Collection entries
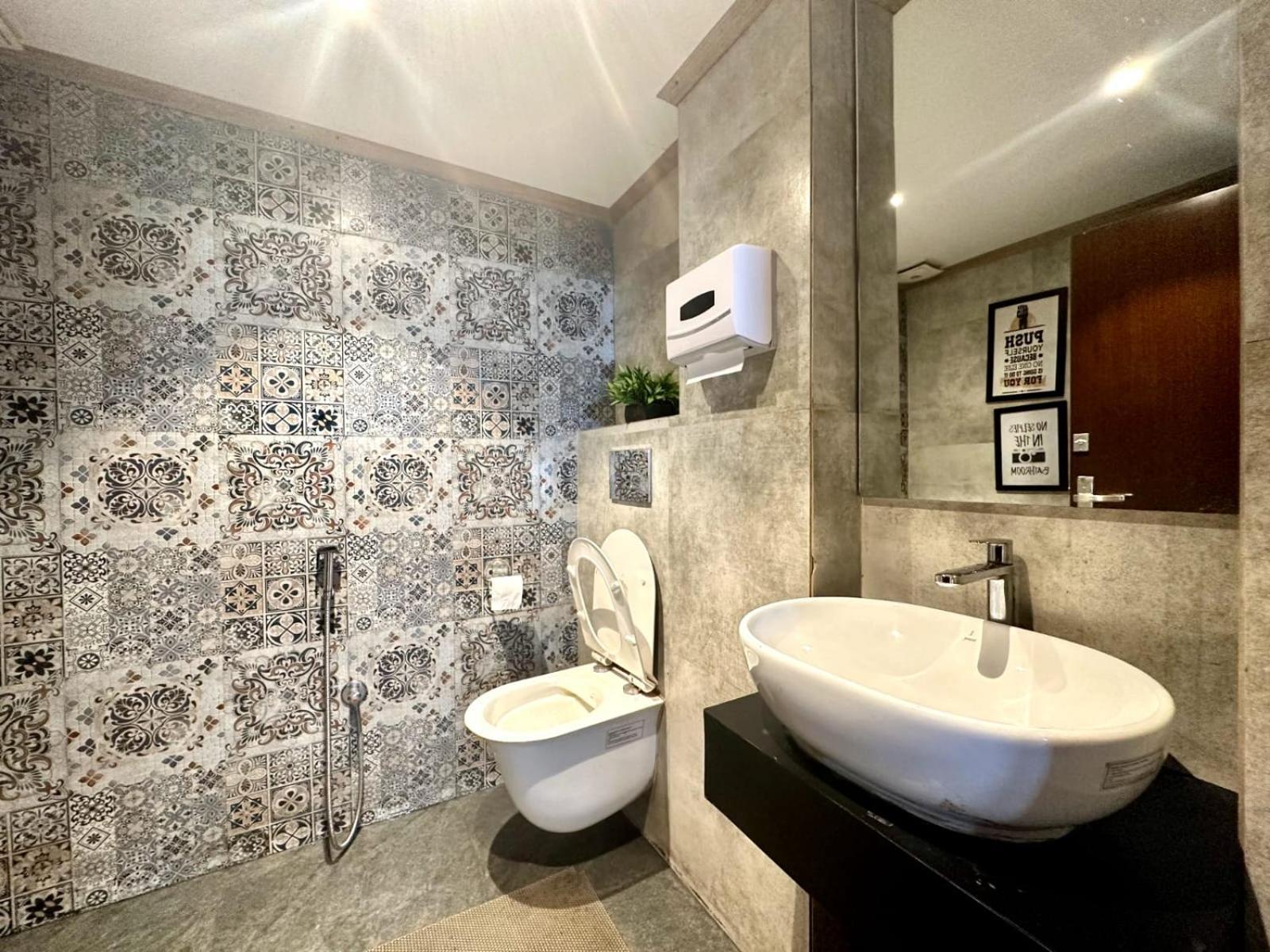 Olive By Tej And Hotel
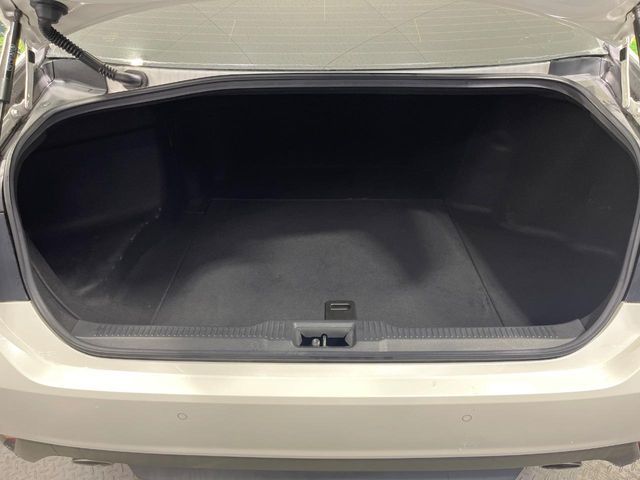 TOYOTA CROWN SEDAN HYBRID 2018 Image 31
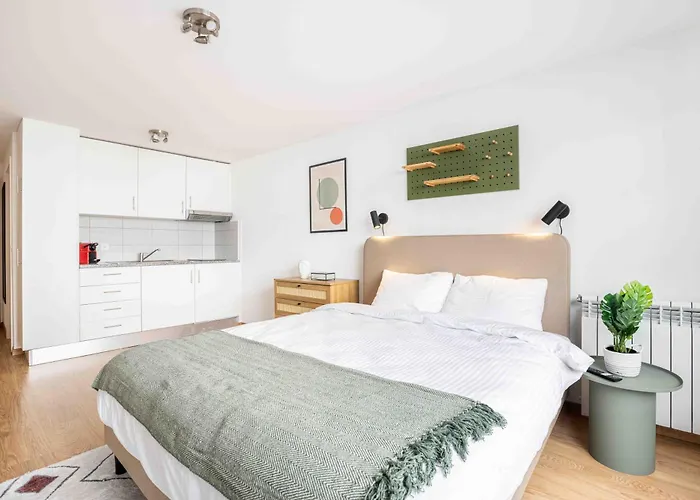 아파트 Saint Laurent 33-35 - Self Check In By Homenhancement *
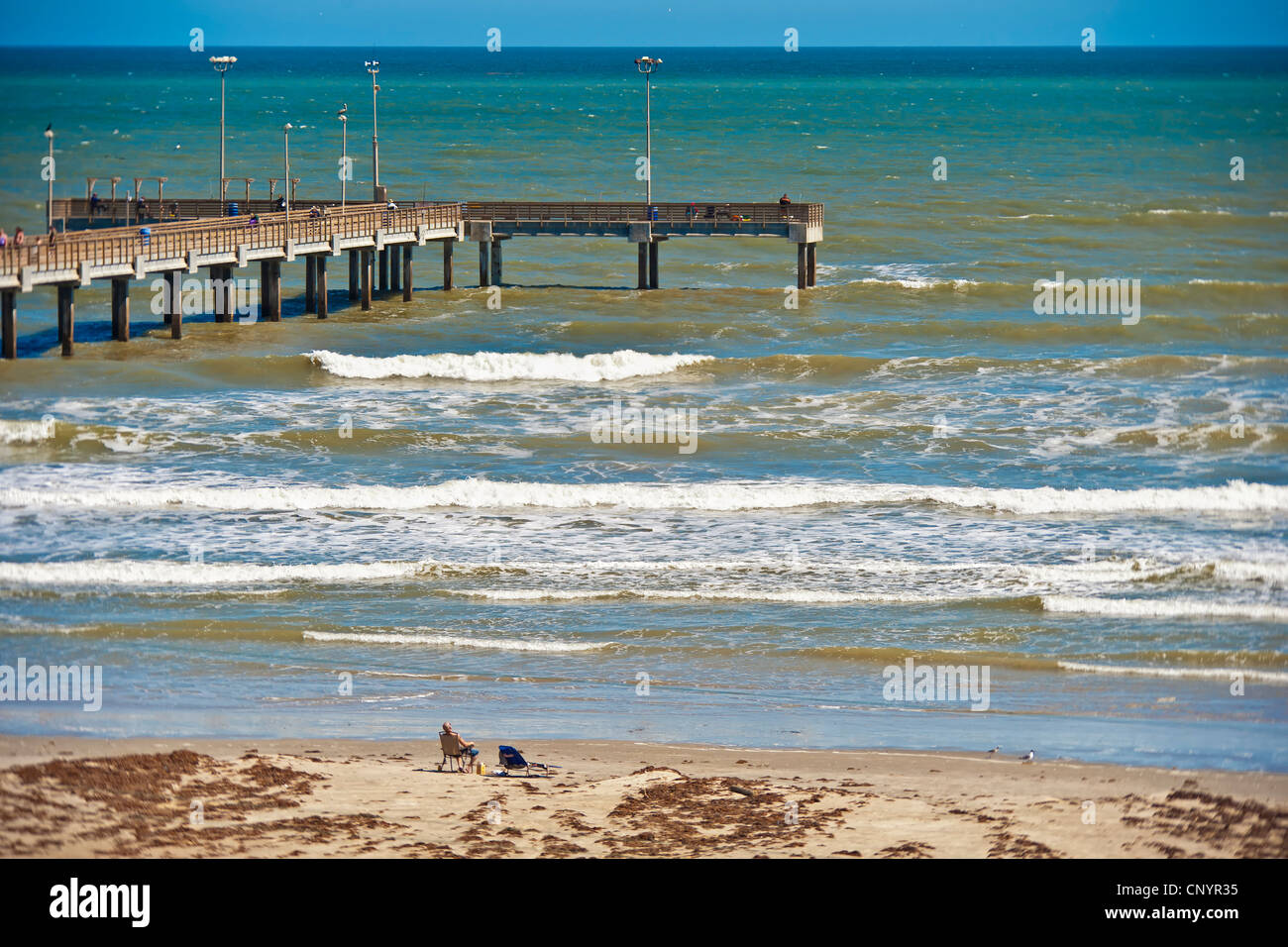 Strand mit Angelsteg in Port Aransas Texas Stockfoto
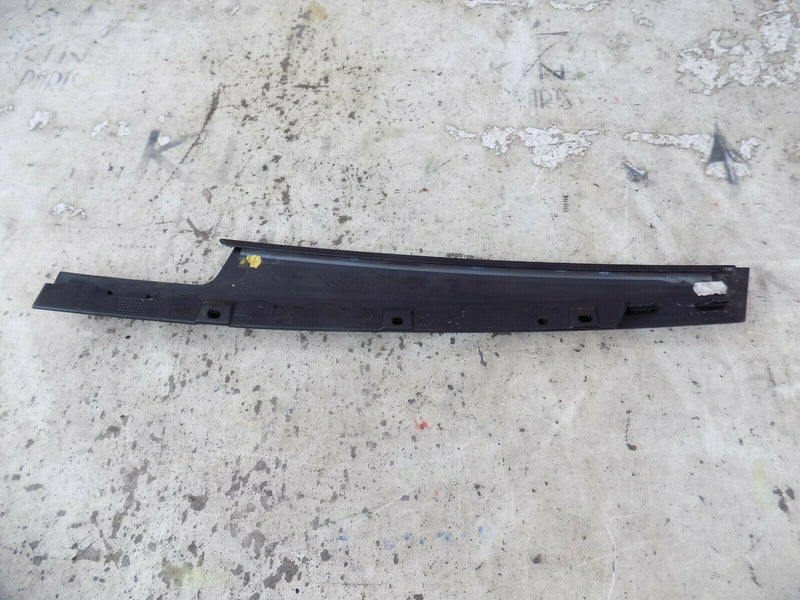 AUDI A4 B8 8K 1.8 TFSI 2009-2015 LEFT FRONT DOOR B-PILLAR TRIM COVER GLOSS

### THE TASK
Copy every line of the records exactly as it is written, but not the pictures.

### ANSWER AREA
 Olive By Tej And Hotel
 TOYOTA CROWN SEDAN HYBRID 2018 Image 31
 아파트 Saint Laurent 33-35 - Self Check In By Homenhancement *
 Strand mit Angelsteg in Port Aransas Texas Stockfoto
 AUDI A4 B8 8K 1.8 TFSI 2009-2015 LEFT FRONT DOOR B-PILLAR TRIM COVER GLOSS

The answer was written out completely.